Diante dessa situação, Rodríguez Mayo considera que é fácil perceber que nesses casos “não há um verdadeiro exercício jornalístico, apenas declarações baseadas em hipóteses. Não creio que ninguém com formação em jornalismo poderia negar que isso seja feito de má fé. Os meios de comunicação de massa têm uma grande responsabilidade ética de informar o país. É preciso que o façam de forma crítica, ponderando sobre os fatos”.

Pela promoção de uma educação antirracista na mídia latino-americana 

“Os jornalistas e meios devem estar muito familiarizados com a cobertura de populações historicamente marginalizadas”, dz Valdés. “Duvido que os jornalistas que cobrem o cotidiano na Colômbia compreendam o significado do território para a população negra, bem como os pontos-chave da chamada Lei 70 [uma legislação contra o racismo], e por que populações negras têm conselhos comunitários e grandes extensões de terras. Esse entendimento é fundamental.

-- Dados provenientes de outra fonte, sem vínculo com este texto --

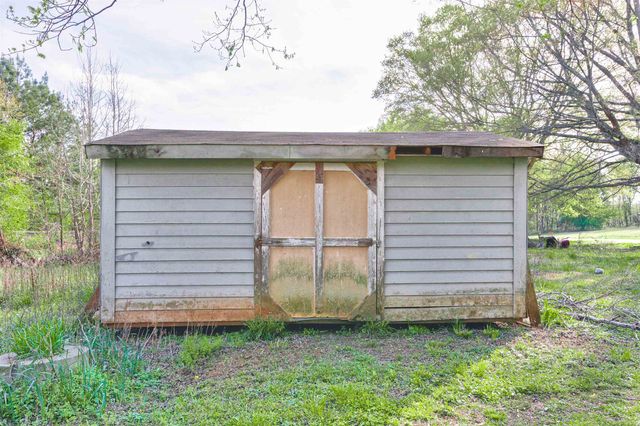 182 Garvin Lake Rd, Gaffney, SC 29340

Muitas vezes o viés racista vem de um tema estrutural, mas muitas vezes é falta de conhecimento”.

Além disso, a vencedora do Prêmio Gabo ressalta a necessidade de os meios de comunicação diversificarem suas redações, treinando os jornalistas para abordarem as reivindicações e a cultura da população negra colombiana de maneira mais abrangente e livre de estereótipos. “Há uma cobertura que se concentra em retratar as populações negras como pessoas felizes que cozinham bem, enquanto há muito mais a se dizer”.

Em relação à cobertura midiática sobre o vice-presidente, Rodríguez Mayo enfatiza a importância de "meios alternativos desafiarem o público e os meios de comunicação de massa em relação à campanha de desinformação que tem ocorrido desde a candidatura de Márquez". Ela também critica “a falta de educação antirracista na mídia em geral, e a necessidade de se pôr a partir de outros ângulos para fazer um trabalho melhor”.